To compare more directly, I installed 6.8.12-15-ice-fix-1 on node1 and node2, while node3 and node4 stayed on the older 6.8.12-11 kernel which in my setup does not show memory leaks. After about one hour node1 crashed completely and required a cold reset.

Right before the crash the logs showed Ceph RBD lock messages (“no lock owners detected”, “breaking header lock”, “breaking object map lock”), indicating that the client session was interrupted. Simultaneously the Proxmox firewall bridge devices reported state changes (“fwbr entered blocking and forwarding state”, “fwln entered disabled state”, “fwtap entered promiscuous mode”). In my environment this sequence of Ceph lock takeovers combined with bridge port reinitialization is a reliable indicator of an E810 NIC reset: the interface drops link, the Linux bridge cycles its ports, and Ceph connectivity is lost, forcing RBD locks to be reassigned. This points to a driver-level instability rather than expected cluster behaviour.

In summary:

  • Kernel 6.8.12-15-ice-fix-1 reduces but does not eliminate the memory leak.
  • With a mixed setup (two nodes on the patched kernel, two nodes on 6.8.12-11), node1 crashed hard within an hour — something I have not experienced with 6.8.12-11.
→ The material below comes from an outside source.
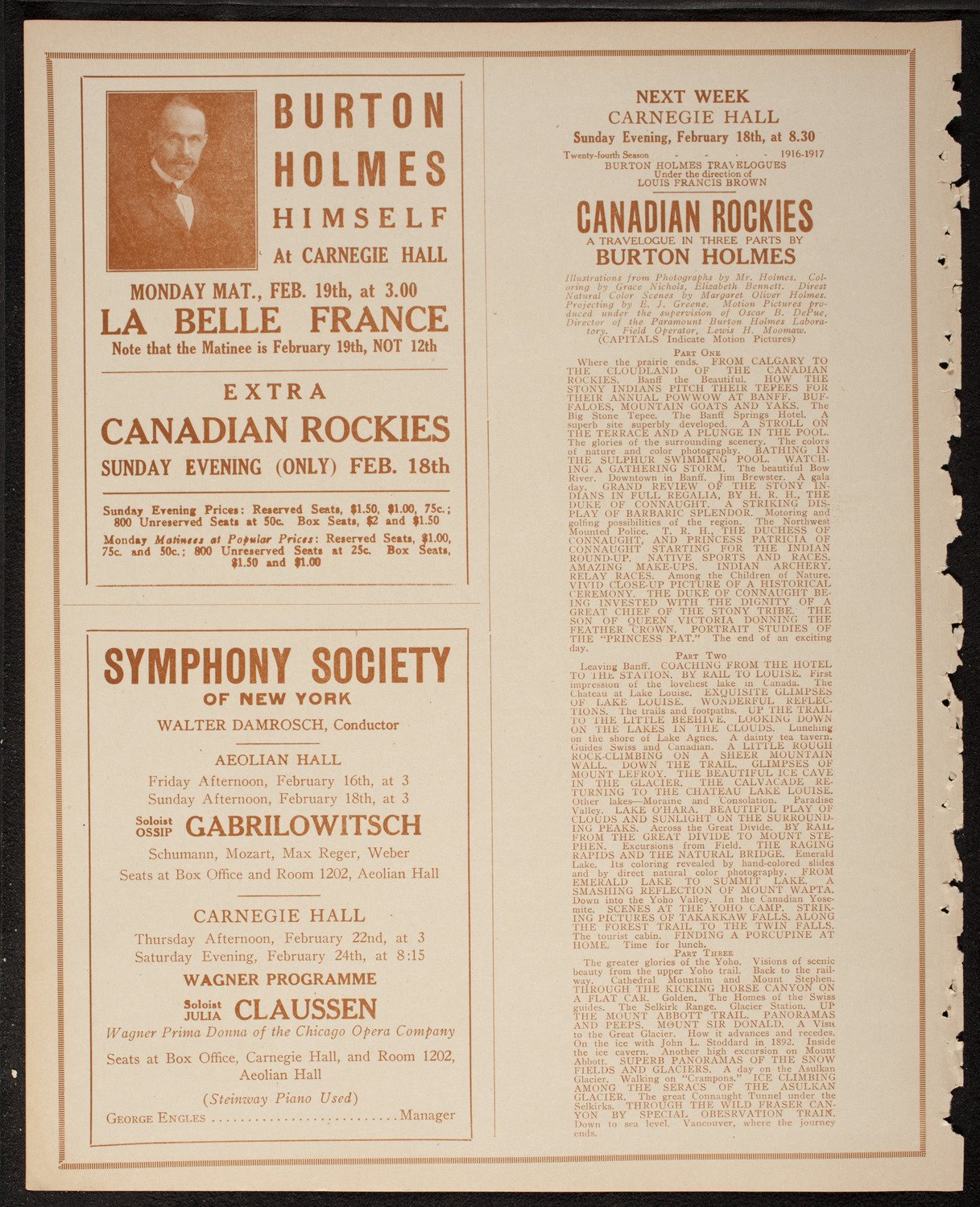 Burton Holmes Travelogue: La Belle France, February 11, 1917, program page 8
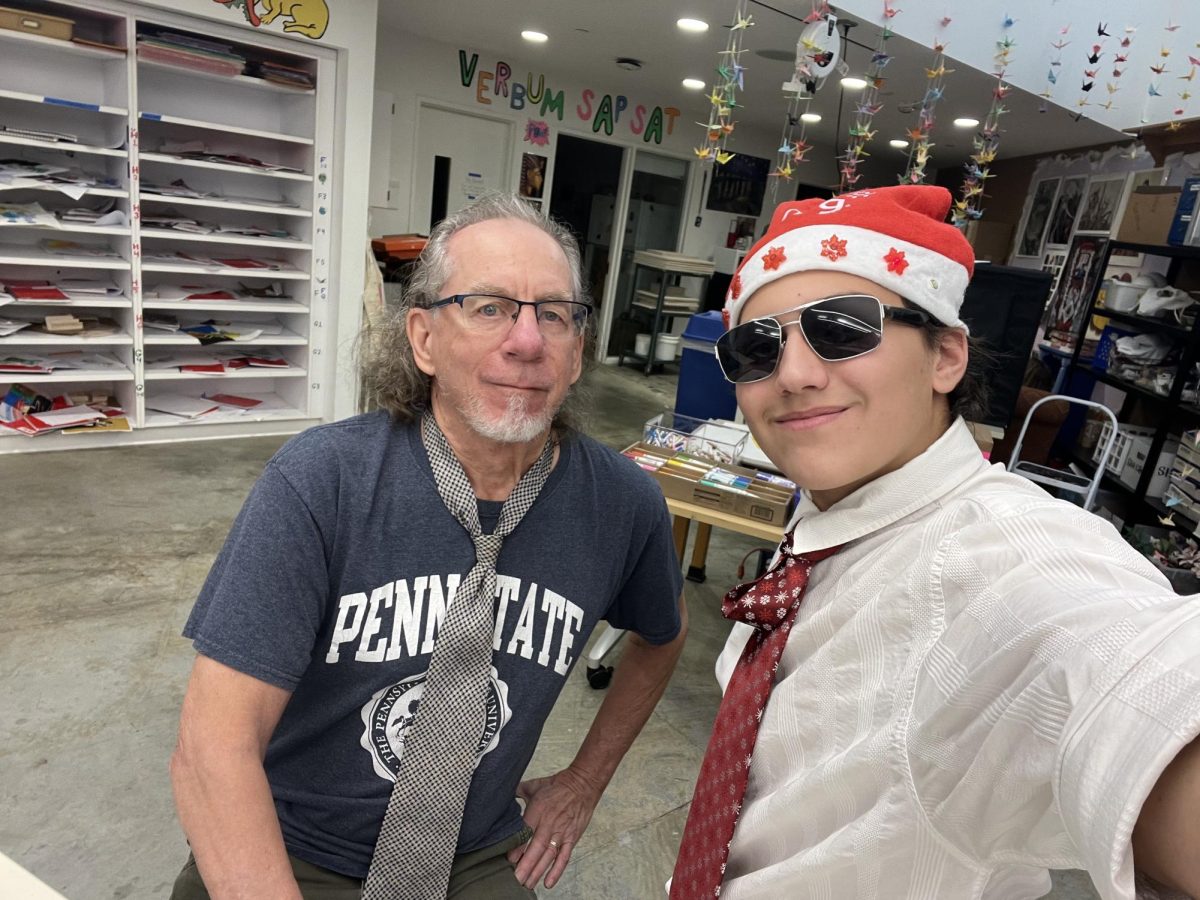 In the holiday spirit with George.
Has anyone else observed similar behaviour with this patched kernel?
 
For your information, I updated my previous post with the latest information we currently have. Thank you everyone for your valuable feedback! Thanks to this, we were able to identify that the issue is related to the ICE driver and/or Intel E810 NIC, possibly also related to Jumbo Frames / MTU 9000. I thus also updated my post asking for more information, now also asking for the MTU used for Ceph.
 
After about one hour node1 crashed completely and required a cold reset.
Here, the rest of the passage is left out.